Phosphorylation of threonine 638 critically controls the dephosphorylation and inactivation of protein kinase C alpha

Background: It has been widely reported that multisite phosphorylation plays an essential role in the regulation of protein kinases. However, our understanding of how these events modify protein function in vitro and in vivo is poorly understood. Protein kinase C (PKC) affords an interesting example of how phosphorylation control is coupled to effector control. PKC is acutely regulated by the second messenger diacylglycerol; however, it is also known to undergo multisite phosphorylation. Previously, we and others have shown that one site in the 'activation loop' of PKC alpha (a threonine residue at position 497; T497) and PKC beta (T500) is essential for the catalytic competence of these proteins. More recently, a carboxy-terminal site (T638 in PKC alpha) has been implicated. In this report, we investigate the role of this site and its interaction with the catalytic core site. Results: We have analyzed mutant PKC alpha proteins, in which amino-acid substitutions were made at the T638 site, and shown that phosphorylation at this site affects the conformation of the protein, as judged by thermal stability, and sensitivity to oxidation, trypsin and phosphatase treatment. This supersensitivity to dephosphorylation in vitro was also seen in an agonist-dependent context in vivo. We have also shown that phosphorylation of this site is not essential for catalytic activity of the purified protein. The molecular basis of the control operating through the T638 site was provided by the evidence of a functional interaction with the previously described catalytic core site, T497. This interrelationship was further established by the demonstration that the E497 mutant protein had a thermal instability and phosphatase supersensitivity similar to that of the A638 and E638 mutants. Conclusions: The T638 phosphorylation site is not required for the catalytic function of PKC alpha per se, but serves to control the duration of activation by regulating the rate of dephosphorylation and inactivation of the protein.

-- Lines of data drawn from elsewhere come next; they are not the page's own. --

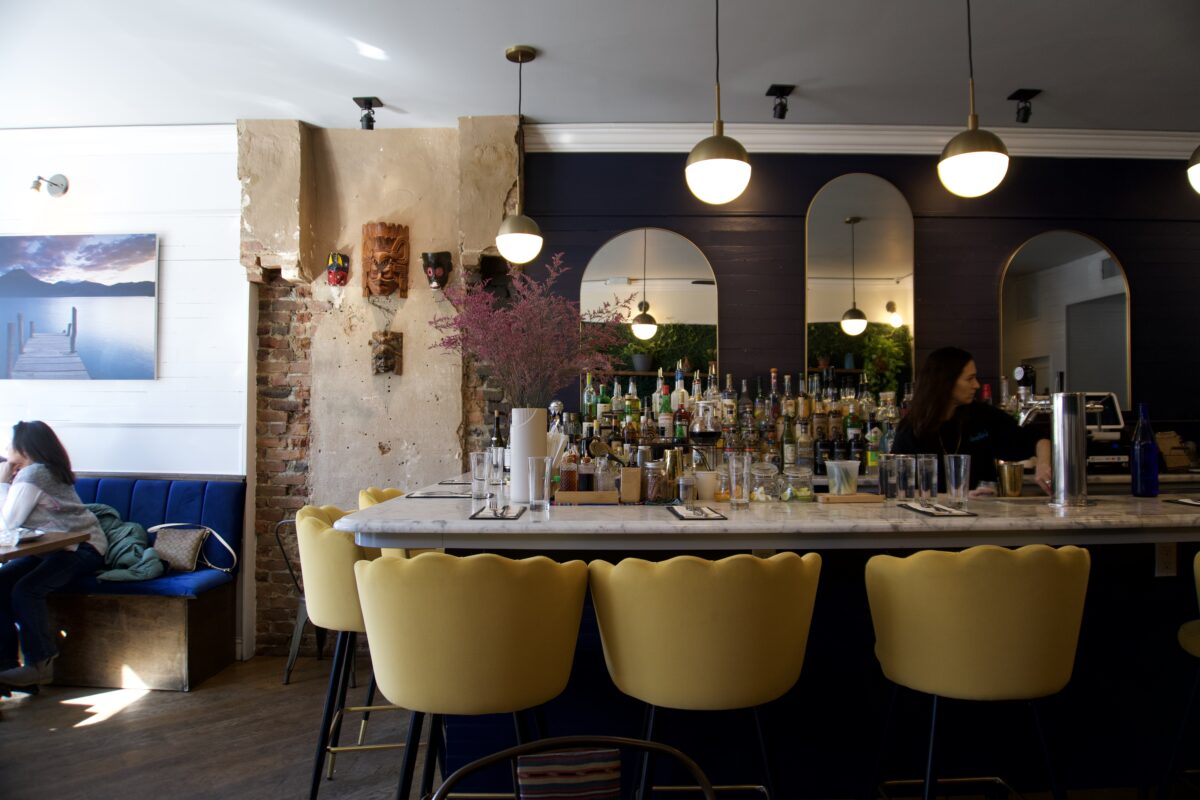 A bar with a line of yellow stools and decorative mirrors on the wall.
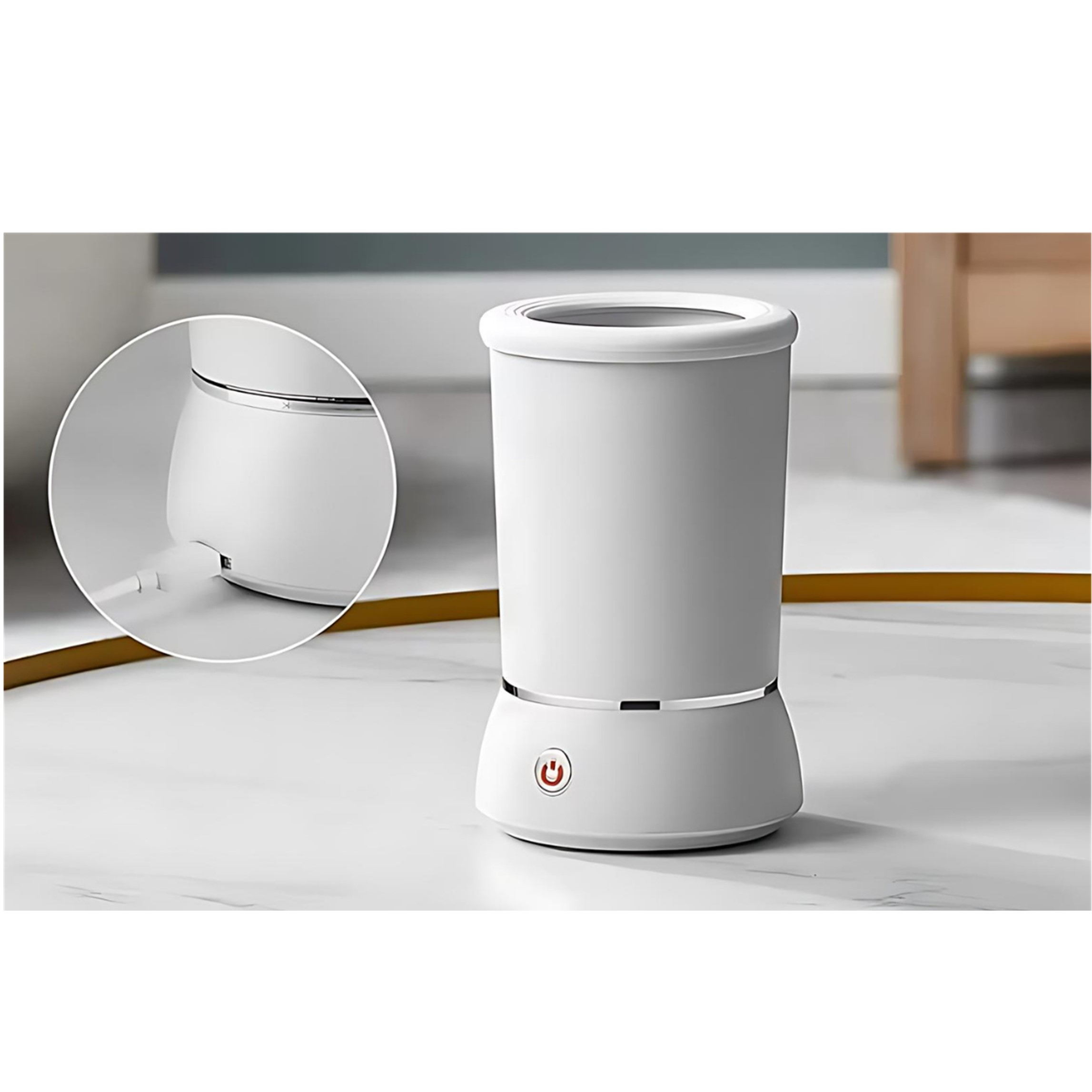 Cuocuova cilindrico bianco con pulsante di accensione rosso e porta USB.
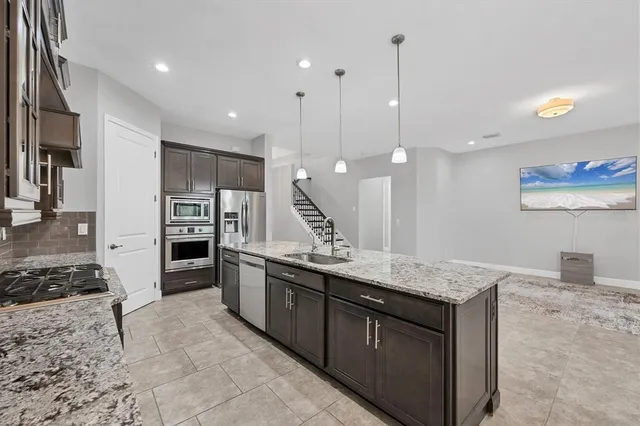 a large kitchen with stainless steel appliances kitchen island granite countertop a large counter top and a refrigerator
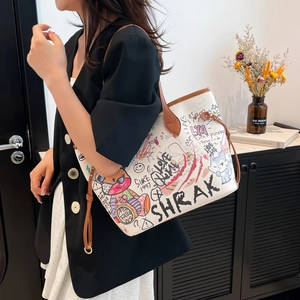 Stylish white tote bag with colorful cartoon graffiti and brown leather handles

This is achieved through the cooperative interaction between the T638 and T497 sites; if either of these residues is not phosphorylated, the protein is supersensitive to phosphatase action. This model of PKC alpha function is likely to be of general significance to the protein kinase superfamily, where similarly juxtaposed sites exist. We conclude that dephosphorylation of PKC alpha, and, by inference, other protein kinases, is regulated by multisite phosphorylation.